Thursday, October 30, 2008

SONATA FOR MIRIAM
Linda Olsson – Penguin Books – NZ$37

I have no idea really how many book launches I have attended over the past forty years but my guess is that it would be well past a thousand. During my bookselling and publishing days I was often the organizer and/or speaker but in recent years as a book reviewer and book blogger I have the luxury of going along as a guest. I am selective and only attend those where I am reviewing the book being launched.
During September and October I have attended 14 such events. It seems to be the season, not surprising I guess as a fair chunk of locally published titles come out in the September/November period to catch the Christmas market.
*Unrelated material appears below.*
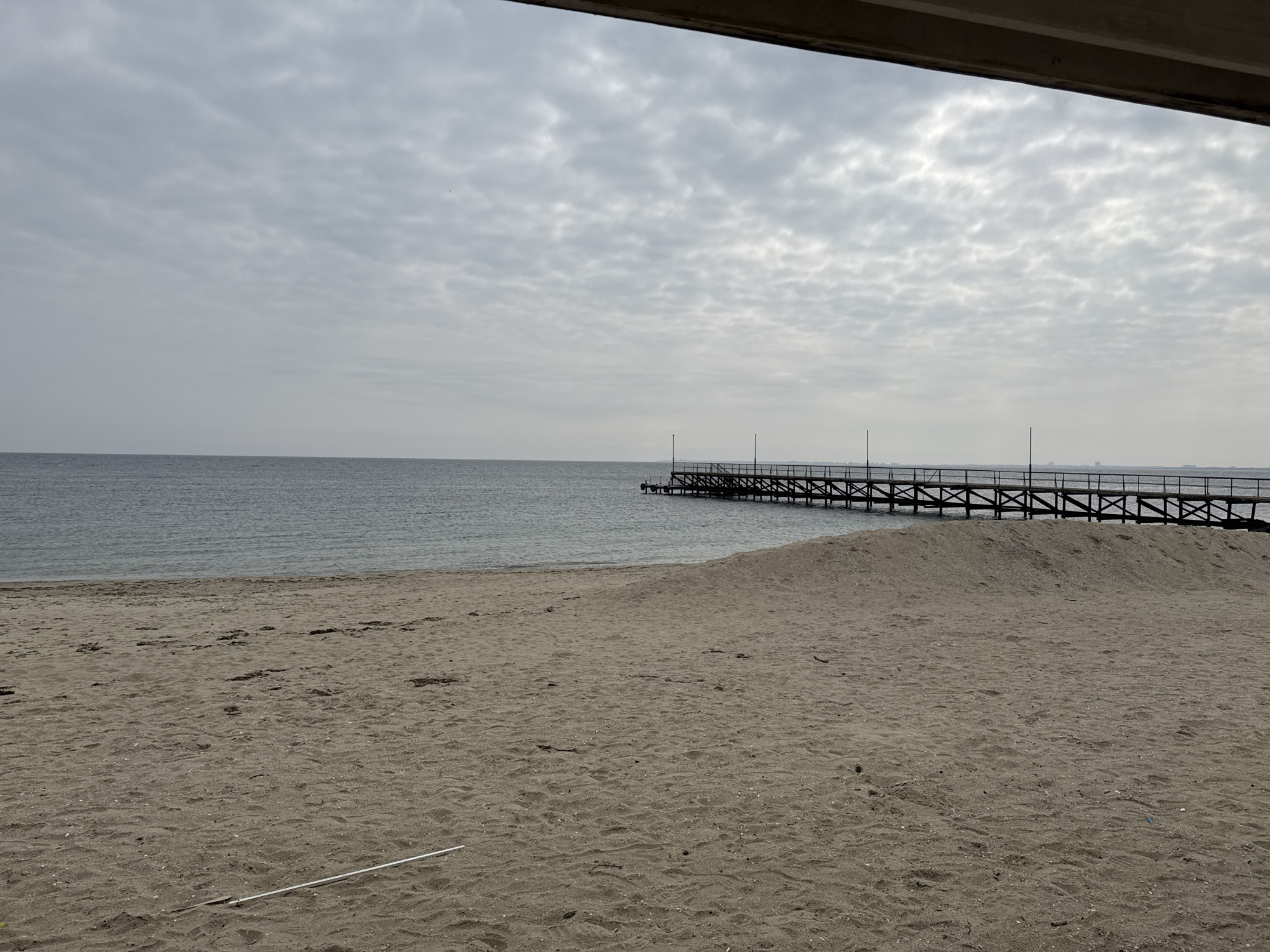 Overcast day at Ravda beach with wooden pier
Last night I attended a book launch at the Gus Fisher Gallery in Auckland city that was different to any other.
Linda Olssen’s protagonist in her new novel is Adam Anker who has taught music at university but is now a composer.
So following introductory remarks by Penguin Publisher Geoff Walker, (his eleventh launch of a Penguin NZ title in six weeks!), and a thoughtful launch speech by noted NZ writer Witi Ihimaera, (a copy of which I have and will reproduce below), our author of the moment (pic left by C Kathrin Symon) explained that music played a major part in Sonata For Miriam and she surprised us by introducing:-

Mikhail Tablis, who played Chopin Waltz Op.69 No.1.
Then came prominent NZ actor and theartreperson Simon Praast who did a reading from the book.
He was followed by
Mikhail Tablis, piano and Lilya Arefyeva, cello, who played Passacaille for piano and cello by Szymon Laks’
Then came noted actress Donogh Rhees (pic left) with another reading with the whole show concluding with
Mikhail Tablis, piano and Lara Hall, violin, playing Adagio from Sonata for Miriam by Alexander Ekroth-Baginski, a piece of hauntingly beautiful music especially commissioned for the novel

So as you can see it was not your normal book launch.
Actually I was sitting there with the beautiful music wafting over me and my mind went back to Vikram Seth’s superb 1999 novel, An Equal Music, which also had music at its centre. Incidentally a CD was issued featuring all the music mentioned in Seth’s novel and later Linda told me that the same happened for her book when it was recently published in Sweden. Penguin Publisher Geoff Walker is following up on this.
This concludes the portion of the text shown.